I want to take the number 0.192267662015 from the Spendable line to use in another command which will become

chia wallet send -a 0.192267662015

There will only be one Chia Wallet section in the output, and only one Spendable line.

How to write a script to do this? I have been looking up to grep, sed and xargs but not sure how to put them in the use correctly.


1 Answer 1


Since you only have one Wallet section, and you want to use the Spendable amount, the following approach should work:

chia wallet send -a "$(chia wallet show -w standard_wallet | awk '$1=="-Spendable:"{print $2}')"

The idea is as follows:

  • The wallet send command receives its "amount" via command substitution (i.e. the $( ... ) is replaced by the output of the enclosed command).
  • The enclosed command is the wallet show command whose output is piped to an awk program for text processing.
  • The awk program will split the lines it receives from the wallet show command into "fields" at (contiguous) whitespace.
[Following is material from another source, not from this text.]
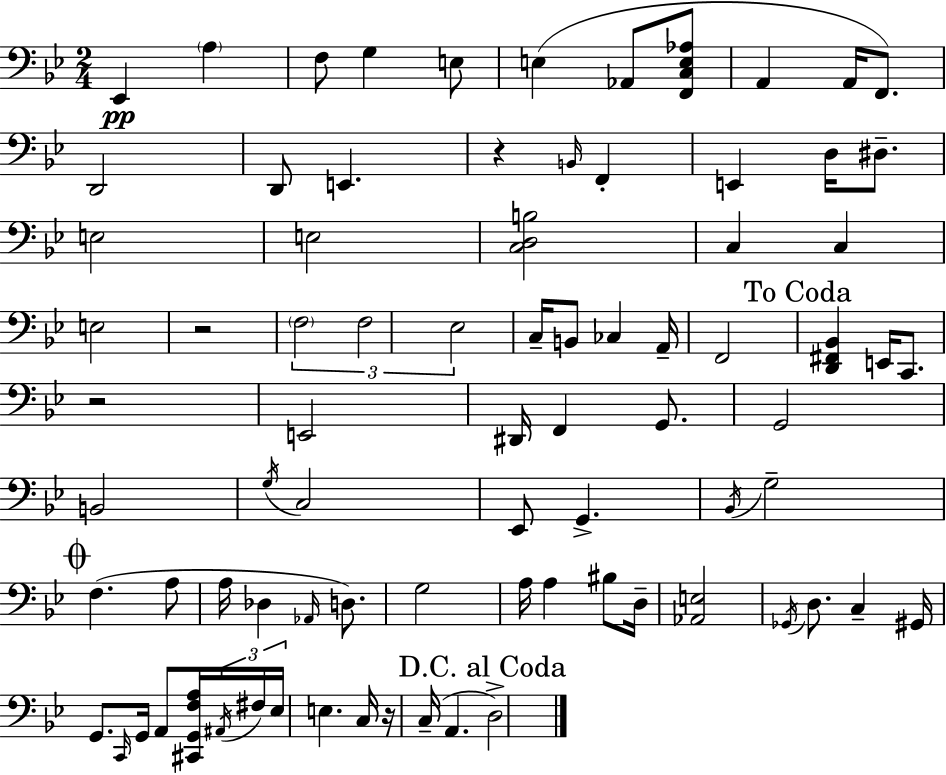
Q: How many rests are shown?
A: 4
It is designed to print the second field ($2) if the first field is equal to -Spendable:. Note that this approach works in this simplicity only because the "Key" is a single contiguous string without "internal" whitespace in this particular case.
  • As a result, the $( ... ) used as "value" for the -a option is replaced by 0.192267662015 for the above example.

Since this involves financial transactions, be sure to test the inner command (inside the $( ... )) before doing anything unrecoverable.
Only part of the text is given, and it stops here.